From: Chuck Hitchcock <chitchcock@cast.org>
Date: Tue, 2 May 2000 17:38:55 -0400
To: "GL - WAI Guidelines WG \(E-mail\)" <w3c-wai-gl@w3.org>, "Marti" <marti47@MEDIAONE.NET>
Message-ID: <NDBBLDFEGLNOMJEDCGPPIEPAEGAA.chitchcock@cast.org>

CAST has been working on TTS for learners, including those with LD, for many
years.  Our eReader demo can be downloaded from


and used freely for 2 weeks or 10 sessions.  This is a 10MB download so it's
good to have a fast connection.  I suspect that you have a cable modem.

I mention this only to indicate that attention to TTS with navigation
controls and synchronized highlighting of text spoken in Rich Text documents
or in the Internet Explorer component inside the eReader application can
support struggling readers while traversing frames and tables.

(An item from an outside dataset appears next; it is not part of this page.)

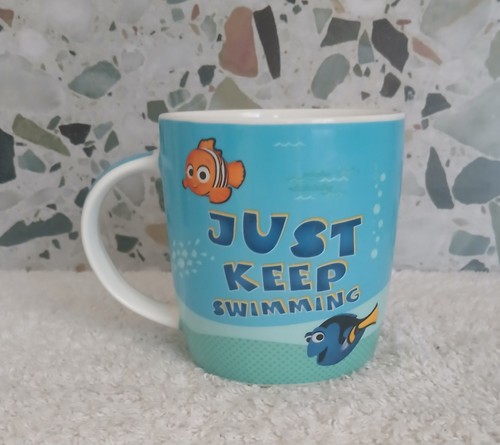 Vintage disney pixar finding - vintage,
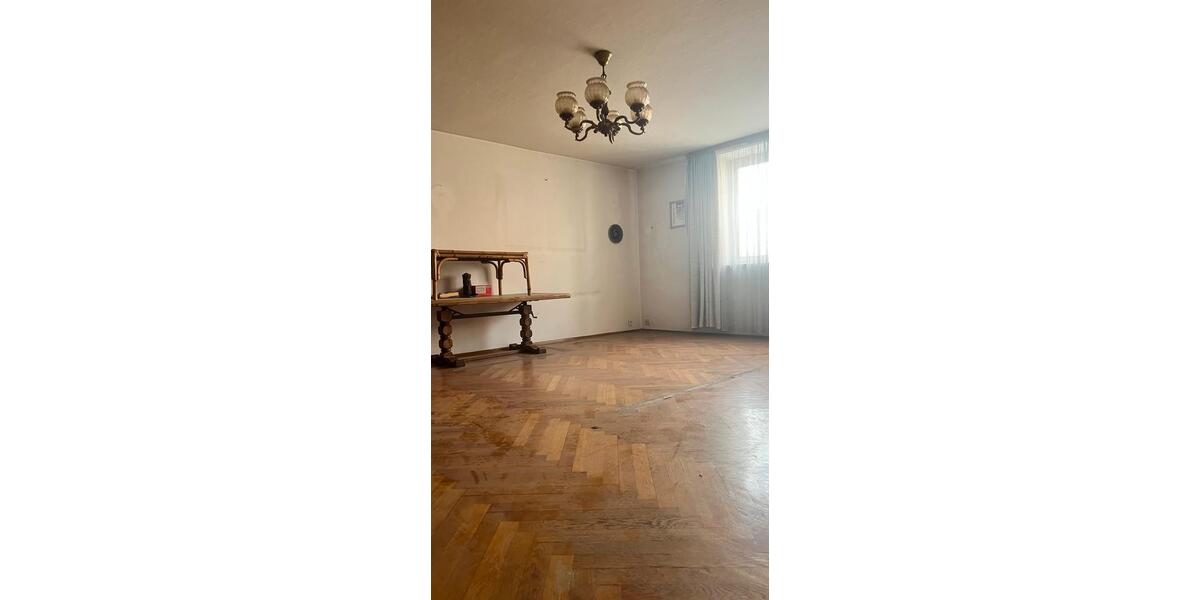 Reihenhaus Osterhofen - 12 Zimmer, 192 m&sup2;, 225.000&euro; | Angebot:26001712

We also created special Windows and Mac versions for Houghton Mifflin Social
Studies CD-ROMs for use in California.  As long as the text content is RTF
or HTML, there is no problem reading it with TTS.  I should note that we
feel that it is critical for the text to highlight while it is spoken for
this population.  It encourages following along and in our ongoing research,
we have found that in time, some students turn off the TTS and use
highlighting to pace their reading.

This is not a sales pitch.  I just want you to know that this exists.  In
fact, if you have a use for it and can provide feedback about how to make it
better, I'll make sure you get it for free.  There are issues pertaining to
page content authoring that are important for this type of tool to work well
and the WAI Guidelines provide a terrific baseline.  We do want TTS to work
in complex media-rich Web-based environments and we are getting there.